The next morning there was another scare. Finally, the target was identified--another camel, perhaps even the same one. A sergeant moaned: "I can't believe I came all the way to Afghanistan to be attacked by a camel." Then he had an idea. "Let's just shoot it, stick it in a body bag and call it a kill."
I returned to Moscow from Afghanistan on Nov. 7. I was relieved to be home, but was soon reminded that home has its problems, too. In the wee hours of a seriously subzero morning a few days before Christmas, the phone rang. "Your office has been broken into," the voice in my ear said.
The damage wasn't as bad as I'd feared. Papers lay scattered, cabinet doors stood ajar and our office safe lay incongruously in the bathroom. They'd evidently taken it in there to muffle the noise as they cracked it. In fact, they hadn't taken much of anything. They had left intact our desktop computers, our scanner, our phones, our fax machines and a very expensive satellite phone. They had taken only one thing: the Toshiba laptop computer I used to write my stories, to do all of my journalistic work. Surely that wasn't what interested them about it?

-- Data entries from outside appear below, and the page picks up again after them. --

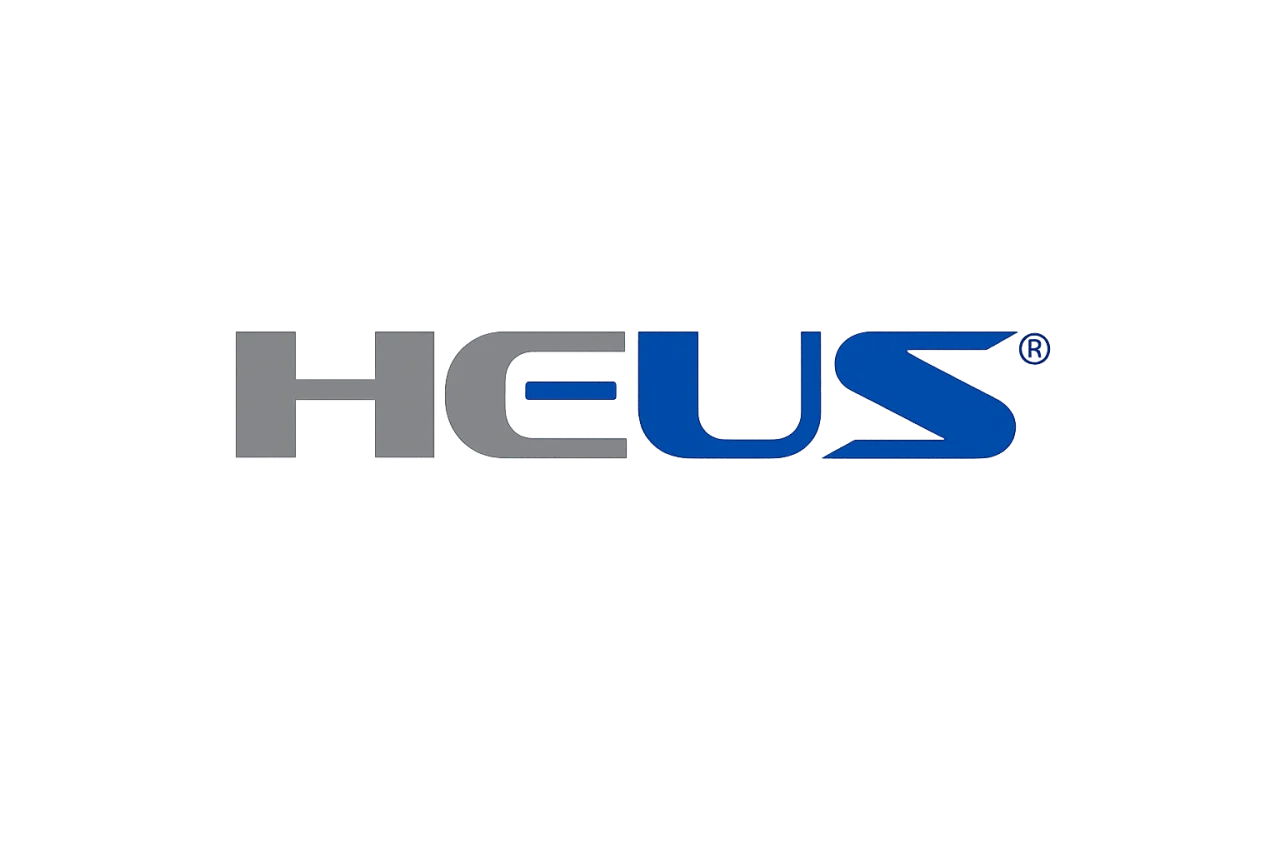 HELIUS®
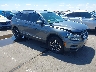 3VV3B7AXXLM****** Salvage and Wrecked 2020 Volkswagen Tiguan in Phoenix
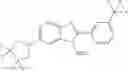 Fig. 66 - Substituted benzamides and substituted pyridinecarboxamides as Btk inhibitors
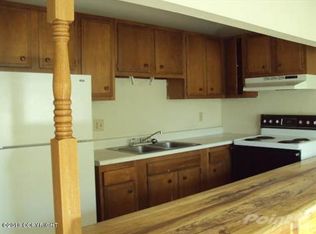 47970 Jackpot St APT 10, Kenai, AK 99611
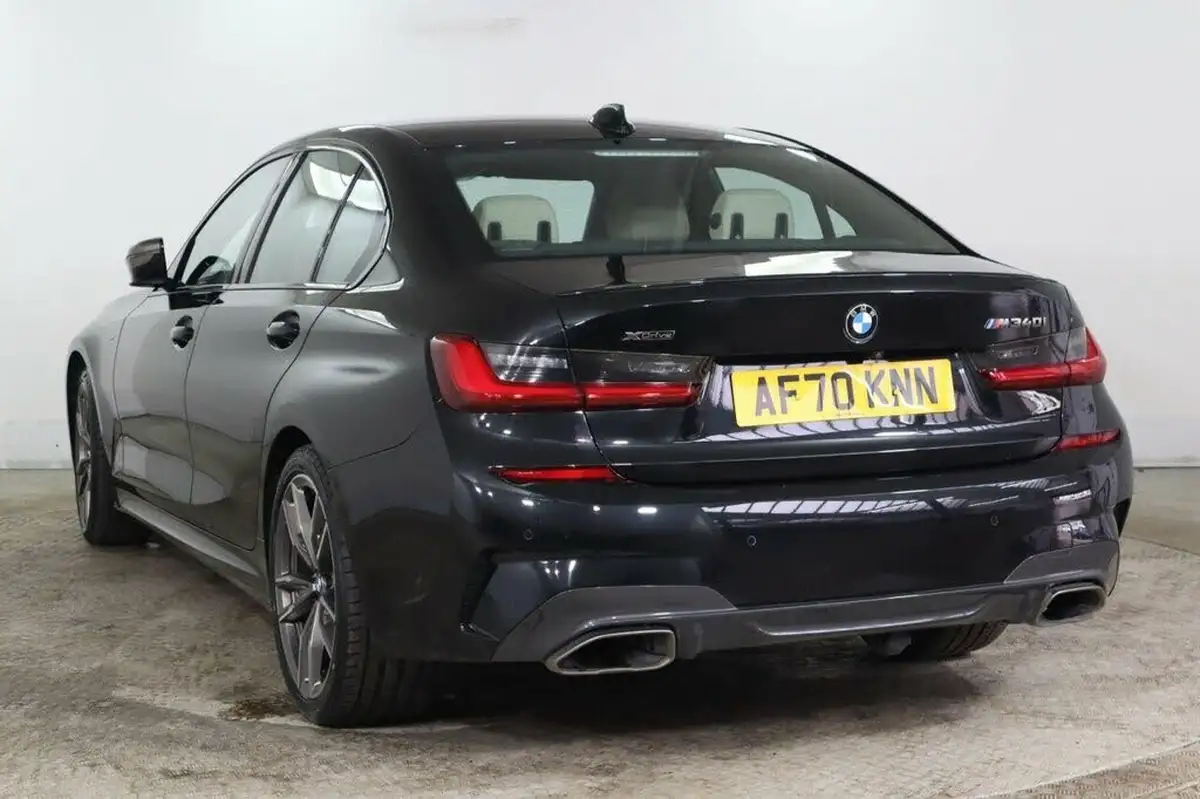 2020-bmw-3-series-30-m340i-xdrive-saloon-4d-big-6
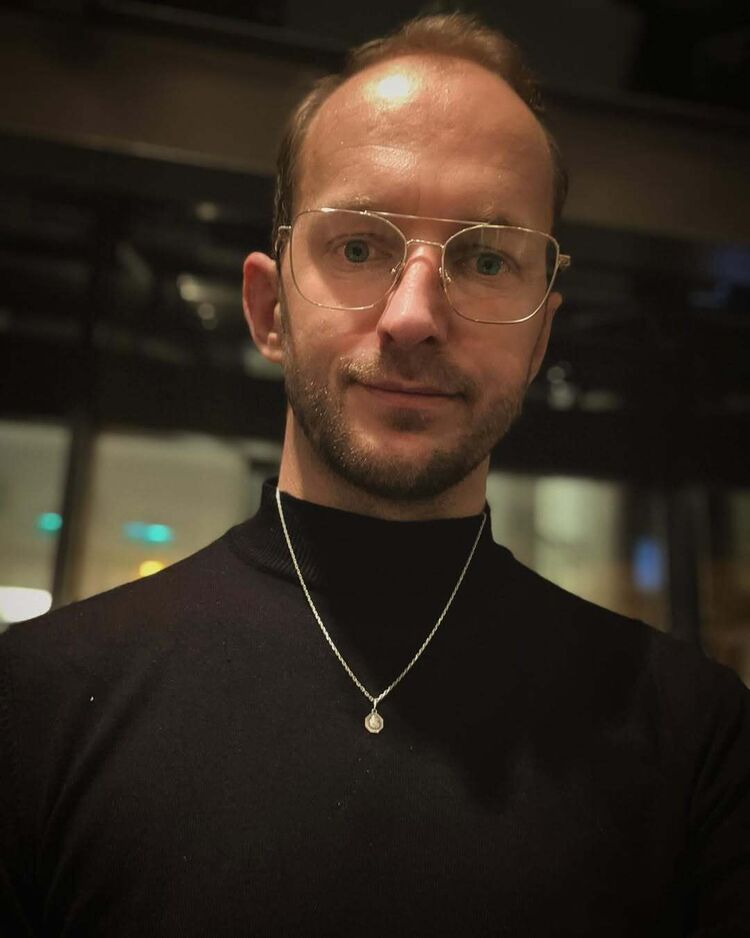 ���� 51618966 ������� ���������, 32 ����, ���� ���������� � ���������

"This doesn't look like an ordinary robbery," said the detective in charge. He began to describe the oddities we'd already noticed. "This mess is just for show." Had I been preparing any "particularly scandalous stories"--the kind of thing, he implied, that might have given someone in power a reason to take a closer look at me? Nope, I said, there'd been a project or two back during the summer, but lately we'd been preoccupied by Afghanistan. Then the detective wanted to know about possible "business competitors" who might be eager to find out my "professional secrets." Well, gosh. Who would be the best candidate for a Watergate-style dirty-tricks campaign? A colleague at a competing magazine? I figured I'd ask them the next time we went out to dinner together. None of this was calculated to calm our al-ready overheated imaginations. The behavior of the cops wasn't much help, either. My answers to their questions went unrecorded; no statement was taken from me. They collected fingerprints from the furniture, and then, for reference purposes, they fingerprinted me--the only American--but no one among the Russian staff. And when our office manager volunteered the details of the missing computer, the detectives declined: "That won't be necessary," they said. It doesn't get any weirder than that.